Computing the fixity digest before identification is deliberate: the SHA-256 is taken over the exact bytes that were identified, so the recorded identity and the recorded checksum describe the same object with no window in between. Every failure path — a non-zero exit, empty output, malformed JSON, or an OS error — is classified and logged rather than swallowed, so a tool crash surfaces as a manual_review object instead of a silent gap in the report.

Integration Points

Format identification is an early pipeline stage, so most of its value comes from the contracts it honours at each edge. Its input is the byte stream produced by capture and staged by the ingestion-side Metadata Extraction Workflows; when a scanner mislabels a JPEG 2000 master as a plain TIFF, the extension mismatch is caught here rather than committed to the archive.

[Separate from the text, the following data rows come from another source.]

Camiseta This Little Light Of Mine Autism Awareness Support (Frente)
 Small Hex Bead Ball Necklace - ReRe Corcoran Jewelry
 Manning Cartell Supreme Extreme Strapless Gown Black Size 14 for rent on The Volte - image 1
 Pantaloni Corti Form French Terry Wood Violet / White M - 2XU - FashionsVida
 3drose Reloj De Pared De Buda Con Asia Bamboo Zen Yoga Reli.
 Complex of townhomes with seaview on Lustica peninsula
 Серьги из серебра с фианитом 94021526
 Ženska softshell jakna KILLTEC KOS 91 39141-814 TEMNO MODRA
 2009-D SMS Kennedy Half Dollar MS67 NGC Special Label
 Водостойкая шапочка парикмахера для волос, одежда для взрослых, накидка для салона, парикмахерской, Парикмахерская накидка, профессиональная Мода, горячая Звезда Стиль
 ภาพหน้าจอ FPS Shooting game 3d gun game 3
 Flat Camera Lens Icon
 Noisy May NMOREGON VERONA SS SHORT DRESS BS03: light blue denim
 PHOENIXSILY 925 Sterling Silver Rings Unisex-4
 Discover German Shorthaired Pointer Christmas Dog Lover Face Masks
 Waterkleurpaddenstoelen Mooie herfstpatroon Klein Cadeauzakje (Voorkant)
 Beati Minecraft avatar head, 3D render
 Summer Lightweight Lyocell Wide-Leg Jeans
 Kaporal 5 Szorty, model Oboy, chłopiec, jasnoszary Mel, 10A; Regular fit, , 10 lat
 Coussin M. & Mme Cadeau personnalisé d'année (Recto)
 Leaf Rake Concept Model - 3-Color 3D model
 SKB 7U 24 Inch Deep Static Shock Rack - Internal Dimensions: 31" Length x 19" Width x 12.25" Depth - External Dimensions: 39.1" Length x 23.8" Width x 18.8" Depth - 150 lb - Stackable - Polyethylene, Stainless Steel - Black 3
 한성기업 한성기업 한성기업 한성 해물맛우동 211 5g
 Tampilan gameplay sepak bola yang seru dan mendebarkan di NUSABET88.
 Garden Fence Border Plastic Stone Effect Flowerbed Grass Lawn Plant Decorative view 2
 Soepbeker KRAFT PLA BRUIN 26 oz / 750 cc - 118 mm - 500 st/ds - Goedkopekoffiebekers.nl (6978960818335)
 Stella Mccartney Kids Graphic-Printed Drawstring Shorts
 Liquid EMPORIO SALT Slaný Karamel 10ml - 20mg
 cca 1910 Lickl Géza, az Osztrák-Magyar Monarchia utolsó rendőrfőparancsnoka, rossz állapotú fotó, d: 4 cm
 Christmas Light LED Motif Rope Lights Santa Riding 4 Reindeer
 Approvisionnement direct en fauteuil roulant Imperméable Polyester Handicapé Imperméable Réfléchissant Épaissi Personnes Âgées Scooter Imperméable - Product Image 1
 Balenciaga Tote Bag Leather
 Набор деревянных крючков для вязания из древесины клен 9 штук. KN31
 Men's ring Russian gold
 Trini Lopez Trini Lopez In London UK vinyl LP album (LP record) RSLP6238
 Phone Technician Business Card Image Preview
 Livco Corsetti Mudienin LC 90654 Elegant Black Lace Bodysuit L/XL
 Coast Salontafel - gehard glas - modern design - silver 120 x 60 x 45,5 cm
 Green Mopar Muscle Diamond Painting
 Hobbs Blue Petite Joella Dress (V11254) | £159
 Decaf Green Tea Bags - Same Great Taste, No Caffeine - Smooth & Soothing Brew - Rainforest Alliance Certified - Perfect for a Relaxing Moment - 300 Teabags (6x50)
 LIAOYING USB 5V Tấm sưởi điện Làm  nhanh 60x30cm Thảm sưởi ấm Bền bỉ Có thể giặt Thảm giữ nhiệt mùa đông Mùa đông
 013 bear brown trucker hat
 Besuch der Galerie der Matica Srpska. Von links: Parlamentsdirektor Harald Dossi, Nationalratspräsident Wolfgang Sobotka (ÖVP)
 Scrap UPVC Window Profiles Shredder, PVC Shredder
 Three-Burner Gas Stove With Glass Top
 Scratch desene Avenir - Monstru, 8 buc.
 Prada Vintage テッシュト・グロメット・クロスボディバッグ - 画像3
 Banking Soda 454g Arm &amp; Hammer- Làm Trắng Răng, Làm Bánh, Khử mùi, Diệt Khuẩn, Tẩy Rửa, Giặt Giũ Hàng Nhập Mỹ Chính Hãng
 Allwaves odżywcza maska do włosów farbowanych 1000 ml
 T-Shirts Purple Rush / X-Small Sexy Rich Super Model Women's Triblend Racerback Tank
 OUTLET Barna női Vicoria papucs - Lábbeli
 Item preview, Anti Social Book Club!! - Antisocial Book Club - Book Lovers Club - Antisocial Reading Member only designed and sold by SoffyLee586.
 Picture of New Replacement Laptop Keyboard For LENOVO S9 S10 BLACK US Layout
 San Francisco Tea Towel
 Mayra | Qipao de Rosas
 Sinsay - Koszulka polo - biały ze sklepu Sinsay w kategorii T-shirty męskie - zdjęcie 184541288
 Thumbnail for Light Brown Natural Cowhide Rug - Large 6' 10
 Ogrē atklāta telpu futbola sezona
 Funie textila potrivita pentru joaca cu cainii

Its primary output — the normalised identification record with its PUID and identification method — is consumed by Format Registry Integration, which resolves that identifier into versioned registry intelligence and an obsolescence risk score.

Downstream, the fixity value and format designation are folded into object provenance by PREMIS Metadata Mapping, which records the identification as a first-class preservation event. The format identity established here also drives storage decisions: a well-architected Long-Term Storage Architecture uses format metadata to route objects across hot, warm, and cold tiers by access frequency and preservation risk, and cross-institutional replication relies on consistent identifiers to confirm that mirrored copies maintain technical parity. Extending signature coverage for rare, legacy, or proprietary file types that fall outside the standard sets is handled in configuring format identification tools like DROID.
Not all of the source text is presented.